Development Experience Sharing
We've achieved 30fps real time object detection on HoloLens 2 with 60fps rendering rate. The final result and performance are presented in below video.
Since this is the first time we touch AR and we are not farmiliar with C# and Unity, we've tried a lot to fulfill the goal. Below list includes some tips and experiences which may be helpful.
- The official tutorial is for HoloLens 1 and we don't know how to adapt the code to be performed on HoloLens 2. Also, we don't know how to develop and deploy AI algorithms and directly execute them on HoloLens 2 since it doesn't have NVIDIA gpus (CUDA excluded) and its cpu is ARM-architectured. So we decide to make the AI algorithm running on a powerful external device and let the HoloLens to handle video capture and display the location results of objects predicted by AI algorithm. Therefore, establishing a robust and reliable communication connection between the HoloLens and the external device is necessary and important.
- The first way we tried is to convert each video frame captured by the HoloLens camera to a bitmap and then send the bitmap to our PC with NVIDIA gpus. A PC program receives the bitmap then predicts the names and locations of objects in that bitmap and sends those information back to HoloLens. However, the total running speed of this way is really bad. One reason we think is due to the waiting time of the information sending and receiving process on HoloLens.
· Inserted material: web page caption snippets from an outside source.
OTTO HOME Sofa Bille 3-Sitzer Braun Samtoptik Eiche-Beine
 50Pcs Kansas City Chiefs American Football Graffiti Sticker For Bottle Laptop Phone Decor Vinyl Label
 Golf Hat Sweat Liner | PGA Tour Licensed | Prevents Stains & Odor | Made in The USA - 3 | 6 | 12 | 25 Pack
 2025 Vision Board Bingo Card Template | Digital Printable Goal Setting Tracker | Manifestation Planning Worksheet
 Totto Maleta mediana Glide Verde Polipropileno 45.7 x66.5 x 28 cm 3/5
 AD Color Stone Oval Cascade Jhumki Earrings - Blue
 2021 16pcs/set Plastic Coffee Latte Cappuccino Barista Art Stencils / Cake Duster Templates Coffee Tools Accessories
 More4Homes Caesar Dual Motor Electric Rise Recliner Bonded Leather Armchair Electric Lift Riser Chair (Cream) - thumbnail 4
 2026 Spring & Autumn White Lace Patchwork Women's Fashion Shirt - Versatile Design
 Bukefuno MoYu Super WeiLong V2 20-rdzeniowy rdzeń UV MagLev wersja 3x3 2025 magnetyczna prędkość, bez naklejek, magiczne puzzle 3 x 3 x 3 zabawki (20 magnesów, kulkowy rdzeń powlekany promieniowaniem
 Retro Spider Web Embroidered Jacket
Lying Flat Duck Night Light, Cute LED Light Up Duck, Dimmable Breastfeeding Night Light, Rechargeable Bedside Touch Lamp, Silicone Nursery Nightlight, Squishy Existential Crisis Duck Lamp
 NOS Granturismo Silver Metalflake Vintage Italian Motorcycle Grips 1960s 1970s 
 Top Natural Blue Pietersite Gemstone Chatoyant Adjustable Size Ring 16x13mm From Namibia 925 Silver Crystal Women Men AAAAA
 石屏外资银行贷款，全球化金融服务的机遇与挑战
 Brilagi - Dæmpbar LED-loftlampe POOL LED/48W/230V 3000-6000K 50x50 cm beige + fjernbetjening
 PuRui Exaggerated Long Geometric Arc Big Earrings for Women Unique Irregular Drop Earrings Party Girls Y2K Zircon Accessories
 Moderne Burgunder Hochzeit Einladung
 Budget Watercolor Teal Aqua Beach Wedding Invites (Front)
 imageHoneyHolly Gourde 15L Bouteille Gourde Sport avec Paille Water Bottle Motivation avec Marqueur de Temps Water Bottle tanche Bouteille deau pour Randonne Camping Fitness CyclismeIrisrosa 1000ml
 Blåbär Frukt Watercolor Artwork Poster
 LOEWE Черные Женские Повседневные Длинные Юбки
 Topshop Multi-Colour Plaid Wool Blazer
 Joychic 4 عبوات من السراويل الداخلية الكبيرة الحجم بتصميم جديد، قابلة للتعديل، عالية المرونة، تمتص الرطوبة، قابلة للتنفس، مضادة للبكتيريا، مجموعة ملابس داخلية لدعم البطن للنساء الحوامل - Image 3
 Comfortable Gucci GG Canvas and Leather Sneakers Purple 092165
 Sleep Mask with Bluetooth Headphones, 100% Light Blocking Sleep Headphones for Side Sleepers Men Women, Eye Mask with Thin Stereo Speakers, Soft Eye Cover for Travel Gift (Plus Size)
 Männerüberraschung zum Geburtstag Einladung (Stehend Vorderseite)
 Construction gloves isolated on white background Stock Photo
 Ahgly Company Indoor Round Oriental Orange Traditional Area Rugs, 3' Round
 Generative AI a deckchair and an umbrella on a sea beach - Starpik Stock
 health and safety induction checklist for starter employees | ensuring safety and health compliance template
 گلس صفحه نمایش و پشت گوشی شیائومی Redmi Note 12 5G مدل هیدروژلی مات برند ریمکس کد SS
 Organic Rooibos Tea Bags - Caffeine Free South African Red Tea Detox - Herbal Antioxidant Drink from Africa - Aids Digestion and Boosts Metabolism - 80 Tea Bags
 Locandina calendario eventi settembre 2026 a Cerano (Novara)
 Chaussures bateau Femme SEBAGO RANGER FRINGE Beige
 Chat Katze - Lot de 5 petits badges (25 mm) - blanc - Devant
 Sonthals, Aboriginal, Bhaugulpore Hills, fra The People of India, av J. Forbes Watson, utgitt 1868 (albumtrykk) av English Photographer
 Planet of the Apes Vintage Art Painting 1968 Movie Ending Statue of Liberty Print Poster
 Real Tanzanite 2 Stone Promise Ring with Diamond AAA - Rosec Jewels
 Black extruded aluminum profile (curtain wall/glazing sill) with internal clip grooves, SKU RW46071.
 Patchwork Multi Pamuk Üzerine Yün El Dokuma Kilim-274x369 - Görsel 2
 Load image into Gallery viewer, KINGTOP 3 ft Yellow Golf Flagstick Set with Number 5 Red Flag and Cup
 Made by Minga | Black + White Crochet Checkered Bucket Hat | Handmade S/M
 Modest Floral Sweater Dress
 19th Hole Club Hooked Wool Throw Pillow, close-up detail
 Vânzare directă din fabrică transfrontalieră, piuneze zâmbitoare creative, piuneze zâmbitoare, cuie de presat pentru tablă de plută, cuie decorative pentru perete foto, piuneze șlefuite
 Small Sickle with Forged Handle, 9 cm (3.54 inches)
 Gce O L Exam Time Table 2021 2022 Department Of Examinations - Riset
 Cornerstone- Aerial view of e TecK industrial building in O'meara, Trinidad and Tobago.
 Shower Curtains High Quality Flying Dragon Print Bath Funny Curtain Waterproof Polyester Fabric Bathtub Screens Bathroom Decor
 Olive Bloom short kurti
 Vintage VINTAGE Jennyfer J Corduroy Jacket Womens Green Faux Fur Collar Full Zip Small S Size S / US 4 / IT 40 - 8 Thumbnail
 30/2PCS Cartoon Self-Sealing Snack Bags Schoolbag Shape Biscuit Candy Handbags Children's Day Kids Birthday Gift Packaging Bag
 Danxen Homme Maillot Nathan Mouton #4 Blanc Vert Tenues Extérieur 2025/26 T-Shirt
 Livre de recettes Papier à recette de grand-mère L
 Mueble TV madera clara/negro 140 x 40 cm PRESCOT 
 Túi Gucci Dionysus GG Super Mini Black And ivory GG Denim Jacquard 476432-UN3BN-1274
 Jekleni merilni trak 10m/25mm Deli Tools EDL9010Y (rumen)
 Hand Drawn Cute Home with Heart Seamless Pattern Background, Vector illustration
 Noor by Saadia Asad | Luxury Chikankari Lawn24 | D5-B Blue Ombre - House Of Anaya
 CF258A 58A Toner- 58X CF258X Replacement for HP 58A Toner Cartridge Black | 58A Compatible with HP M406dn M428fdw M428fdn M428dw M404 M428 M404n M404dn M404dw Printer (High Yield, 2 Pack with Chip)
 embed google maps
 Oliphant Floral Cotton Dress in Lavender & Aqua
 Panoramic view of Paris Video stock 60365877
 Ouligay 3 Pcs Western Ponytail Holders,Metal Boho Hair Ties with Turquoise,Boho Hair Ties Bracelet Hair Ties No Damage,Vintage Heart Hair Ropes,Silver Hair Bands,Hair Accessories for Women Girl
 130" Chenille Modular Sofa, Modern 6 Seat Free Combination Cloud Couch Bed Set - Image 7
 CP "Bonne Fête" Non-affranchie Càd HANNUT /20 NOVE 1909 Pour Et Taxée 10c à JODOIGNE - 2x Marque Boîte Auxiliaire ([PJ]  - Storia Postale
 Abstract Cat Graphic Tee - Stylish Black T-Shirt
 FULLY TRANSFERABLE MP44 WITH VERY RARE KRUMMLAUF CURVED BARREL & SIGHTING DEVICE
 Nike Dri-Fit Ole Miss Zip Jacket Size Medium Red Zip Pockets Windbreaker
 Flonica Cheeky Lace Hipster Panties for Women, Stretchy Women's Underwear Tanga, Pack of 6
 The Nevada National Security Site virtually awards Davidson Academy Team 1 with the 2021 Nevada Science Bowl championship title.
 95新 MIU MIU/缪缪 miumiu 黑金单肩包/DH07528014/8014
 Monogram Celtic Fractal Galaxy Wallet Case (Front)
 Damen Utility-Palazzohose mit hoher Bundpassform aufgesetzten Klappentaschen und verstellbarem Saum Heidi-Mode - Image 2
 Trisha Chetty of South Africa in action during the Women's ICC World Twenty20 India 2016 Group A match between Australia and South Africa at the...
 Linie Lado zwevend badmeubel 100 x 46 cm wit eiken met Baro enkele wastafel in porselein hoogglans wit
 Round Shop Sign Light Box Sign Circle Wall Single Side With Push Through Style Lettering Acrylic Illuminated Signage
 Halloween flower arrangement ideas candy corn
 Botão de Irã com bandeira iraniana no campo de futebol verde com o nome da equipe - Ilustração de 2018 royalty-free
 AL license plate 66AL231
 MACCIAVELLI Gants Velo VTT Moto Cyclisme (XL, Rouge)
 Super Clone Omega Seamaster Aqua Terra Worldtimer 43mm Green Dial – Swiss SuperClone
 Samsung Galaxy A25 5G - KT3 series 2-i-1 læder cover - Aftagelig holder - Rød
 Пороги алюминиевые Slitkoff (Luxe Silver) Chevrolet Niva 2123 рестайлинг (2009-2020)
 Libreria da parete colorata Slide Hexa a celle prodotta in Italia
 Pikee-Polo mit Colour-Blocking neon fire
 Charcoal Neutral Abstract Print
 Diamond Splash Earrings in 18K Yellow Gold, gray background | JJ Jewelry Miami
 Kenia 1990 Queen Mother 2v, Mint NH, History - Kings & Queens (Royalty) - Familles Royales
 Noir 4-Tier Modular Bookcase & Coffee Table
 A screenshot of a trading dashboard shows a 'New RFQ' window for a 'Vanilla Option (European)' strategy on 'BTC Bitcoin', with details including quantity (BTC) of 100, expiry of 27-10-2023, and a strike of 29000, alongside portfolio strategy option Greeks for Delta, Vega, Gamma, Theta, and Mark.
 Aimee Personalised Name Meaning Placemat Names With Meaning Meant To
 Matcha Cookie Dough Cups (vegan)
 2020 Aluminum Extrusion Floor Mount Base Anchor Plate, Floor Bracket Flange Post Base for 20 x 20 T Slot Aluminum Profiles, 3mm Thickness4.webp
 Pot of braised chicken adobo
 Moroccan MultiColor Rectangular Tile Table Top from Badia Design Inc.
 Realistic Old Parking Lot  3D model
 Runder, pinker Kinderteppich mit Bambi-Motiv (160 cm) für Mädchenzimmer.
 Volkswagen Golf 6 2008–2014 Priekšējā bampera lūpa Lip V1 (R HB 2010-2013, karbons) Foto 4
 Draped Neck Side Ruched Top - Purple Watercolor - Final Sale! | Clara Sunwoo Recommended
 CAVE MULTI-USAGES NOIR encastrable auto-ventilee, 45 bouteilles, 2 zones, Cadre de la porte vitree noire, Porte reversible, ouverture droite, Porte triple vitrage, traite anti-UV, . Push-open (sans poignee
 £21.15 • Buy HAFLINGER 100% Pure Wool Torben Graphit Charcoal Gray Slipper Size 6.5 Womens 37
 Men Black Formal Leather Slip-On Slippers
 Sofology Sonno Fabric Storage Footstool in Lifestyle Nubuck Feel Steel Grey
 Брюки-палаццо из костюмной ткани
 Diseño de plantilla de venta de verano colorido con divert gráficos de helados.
The other reason is that we use TCP as the transferring protocol because the correctness of each pixel in a video frame plays an important role on the prediction process of the AI model.
- We use YOLO as the detection algorithm cause it's fast.
- We tried to make the sending and receiving process asynchronous on the HoloLens, but the performance is not improved significantly.
- The official tutorial about the fundamentals of HoloLens 2 development is really important. It guides us on how to establish, configure, develop, deploy and debug a Unity project to the HoloLens.
- Other guides such as link are also helpful especially in how to set the spatial awareness mesh invisible.
- We tried to follow the suggestion here in order to increase the performance of the streaming process (e.g. using MixedReality-WebRTC) on HoloLens. However, the technology is a bit complicated for us. If you are interested in WebRTC, the building and deploying process can be refered here, and the signal transferring is here.
- We tried to use multi-threading technique to improve the performance. You can refer to here.
- We tried to use async producer/consumer queue design pattern to improve the performance of the streaming process. You can refer to here, here, here and the official link is here.
- We finally find out that the HoloLens actually has a live video stream. Thus, there is no need to send video stream to the PC anymore. Also, because of this, the bitmap conversion process and the corresponding TCP sending process are not required.
- Although UDP is not reliable and sometimes information is lost, we think it's informative enough to transfer the prediction results. This is because both YOLO and UDP are fast, one or two consecutive prediction-result loss won't effectively affect the rendering rate on HoloLens.
- It is quite important to know that the maximum rendering rate of Hololens 2 is 60 fps, which means a simple Unity program that has some basic Mixed Reality functions or draws some simple holograms will run at a maximum of 60 fps on Hololens 2. You may refer to the official links here and here.
- It is also important to know that the camera frame rate of HoloLens 2 is 30 fps. Some people had discussed it here. If you don't make any optimization, the program on HoloLens 2 will get capped at 30 fps, which we believe is intolerable. Therefore, since 60 fps is just a double of 30 fps, we let the HoloLens receives a UDP package in every two consecutive frames. This technique directly improves the rendering rate to 50-60 fps. Meanwhile, it does not bring negative impacts to the holograms generation and the real time object detection process.
- So far, we've throwed away the TCP video streaming process and the multi threading or asynchronous programing because the live streaming, YOLO and the mixed reality program are basically asynchronous and multi-processed. The only time consuming processes are the instantiate of the holograms and their maintenance.
- In terms of the instantiate, you may refer to here and here.
- We tried to use Dictionary class to manage the game objects created by Unity with the purpose of reducing the searching and matching time but it's not necessary.
- Hologram objects can also be stored in a array or a list. You may refer to here and here to decide which one is better.
- Since the maintenance of those objects requires a lot of searching process, you may refer to here, here and here to optimize your for loops. we failed at using "Parallel.For" because we think the iteration and the creation or removing process from a same array or list are not allowed.
- Finally, when delopying the Unity project to Hololens, choose Release instead of Debug mode in Visual Studio will significantly improve the performance of the program on HoloLens.